Error Handling

Agents fail. Good agents fail gracefully. Here are the five most common failure modes, how to detect them, and production code patterns to handle each one.

The Five Failure Modes

Every agent you build will encounter these failures. Learning them now means you design for resilience from day one.

1. Tool Failure

An API returns 500, a database query times out, a service is down. The tool call fails but the agent should not crash.

Example: Weather API returns 503 Service Unavailable after your agent promised to check the forecast.

2. Invalid Data

The tool returns data, but it is wrong — negative prices, dates in the future, missing required fields. The agent must detect and handle corrupt data.

Example: Database returns a customer balance of -$50,000. That is a data bug, not real debt.

3. Ambiguous Input

The user's request is too vague to act on safely. "Do the thing from last time" when there is no context. Acting on low confidence causes more damage than asking for clarity.

Example: "Fix the issue" — which issue? In which system? What counts as fixed?

4. Guardrail Violation

The user requests something the agent is explicitly forbidden from doing. The agent must refuse while remaining helpful.

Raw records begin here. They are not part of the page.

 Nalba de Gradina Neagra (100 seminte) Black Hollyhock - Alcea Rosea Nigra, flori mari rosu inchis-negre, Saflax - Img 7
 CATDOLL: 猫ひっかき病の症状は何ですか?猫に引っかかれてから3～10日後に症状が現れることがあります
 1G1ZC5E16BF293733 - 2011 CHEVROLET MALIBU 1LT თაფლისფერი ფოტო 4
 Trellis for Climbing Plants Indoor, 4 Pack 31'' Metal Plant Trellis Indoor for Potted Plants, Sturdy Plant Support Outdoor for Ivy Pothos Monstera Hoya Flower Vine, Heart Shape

Example: "Send this confidential report to all 500 employees" when guardrails restrict confidential docs.

5. Stuck Loop

The agent keeps retrying the same failed approach without making progress. 48 attempts at the same fix with zero improvement.

Example: Agent tries to fix a failing test by changing the same line of code, failing each time.

Pattern 1: Retry with Exponential Backoff

For transient failures (network errors, rate limits, temporary outages), retry with increasing wait times:

      import time

      def retry_with_backoff(func, max_retries=3):

        """Retry a function with exponential backoff: 1s, 2s, 4s"""

        for attempt in range(max_retries):

          try:

            return func()

          except Exception as e:

            if attempt == max_retries - 1:

              raise  # Last attempt — let it fail

            wait = 2 ** attempt  # 1s, 2s, 4s

            print(f"Retry {attempt + 1}/{max_retries} in {wait}s: {e}")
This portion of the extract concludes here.